Aim of the exercise -> Please copy exactly the part of the records below that opens with the line containing "เกาเหลาไก่ตุ๋น" and closes with the line containing "в Кировском Вера", leaving out any pictures.
═════ Information given
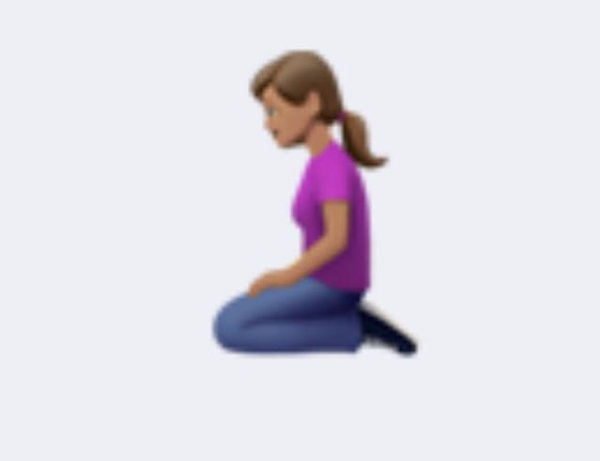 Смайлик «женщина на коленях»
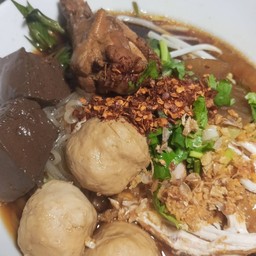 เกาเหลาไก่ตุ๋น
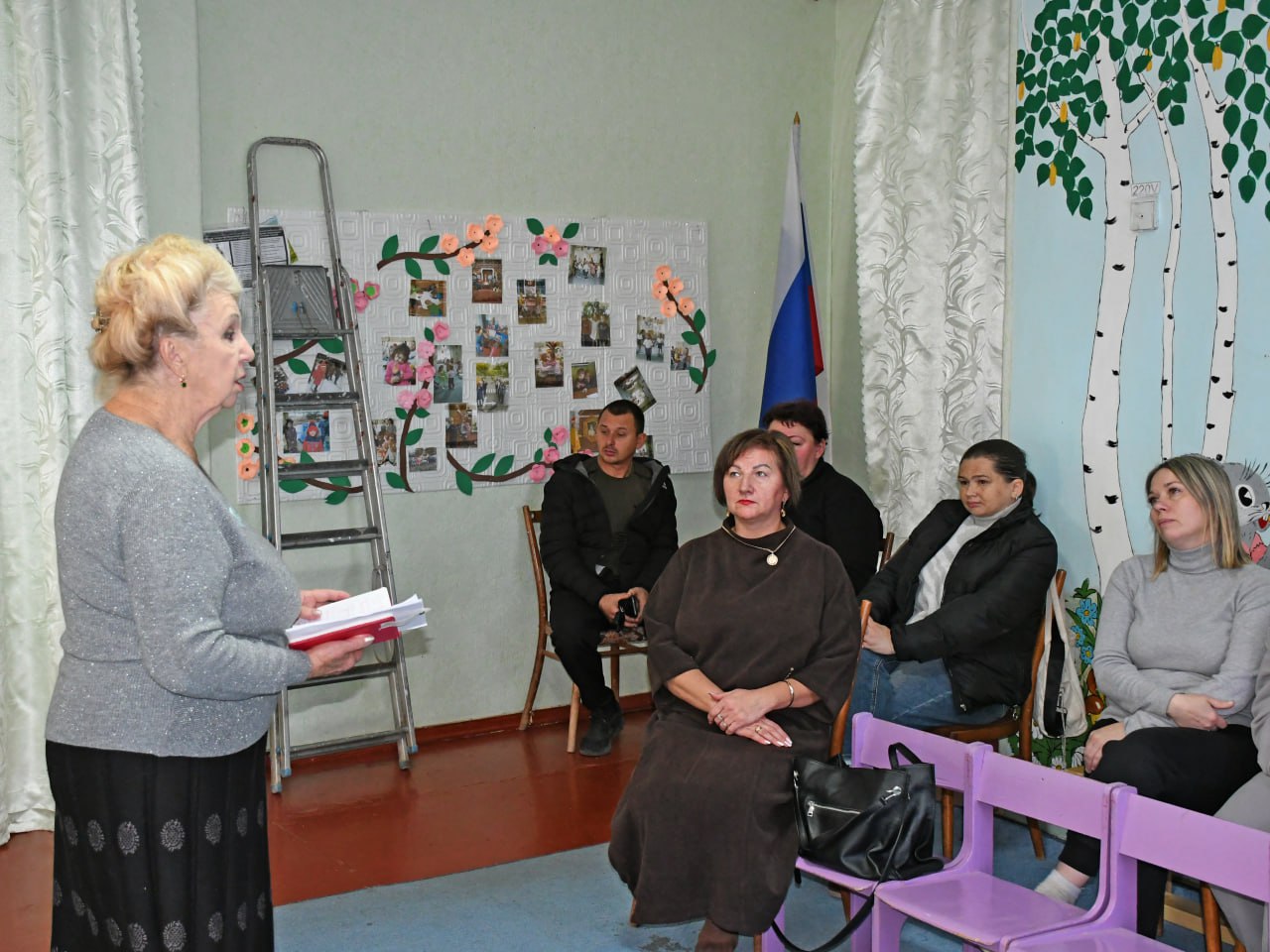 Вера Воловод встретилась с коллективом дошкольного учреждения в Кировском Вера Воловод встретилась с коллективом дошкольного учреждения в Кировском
══════════
═════ Information given
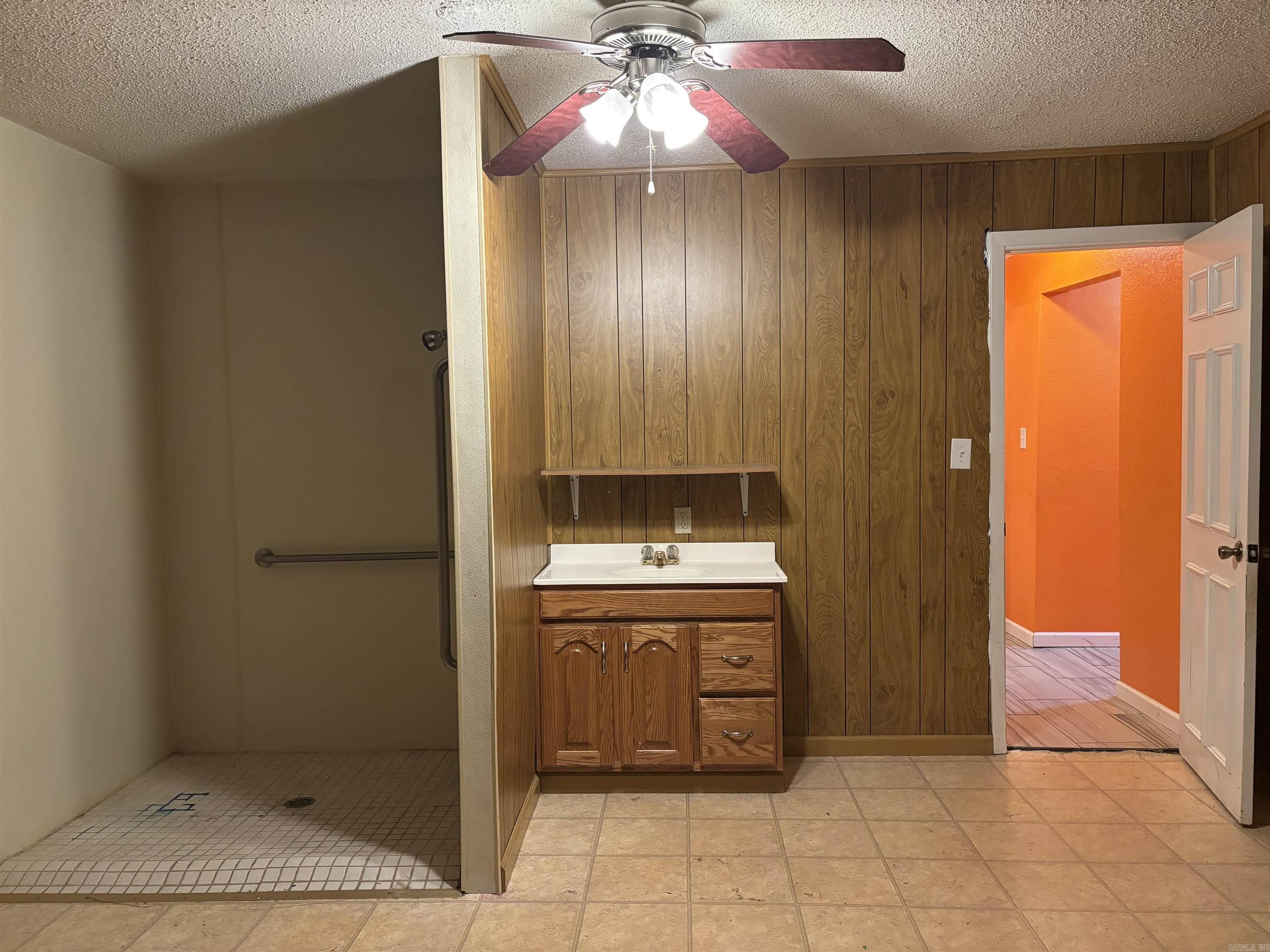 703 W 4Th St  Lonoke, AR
══════════
Response below ->
 เกาเหลาไก่ตุ๋น
 Вера Воловод встретилась с коллективом дошкольного учреждения в Кировском Вера Воловод встретилась с коллективом дошкольного учреждения в Кировском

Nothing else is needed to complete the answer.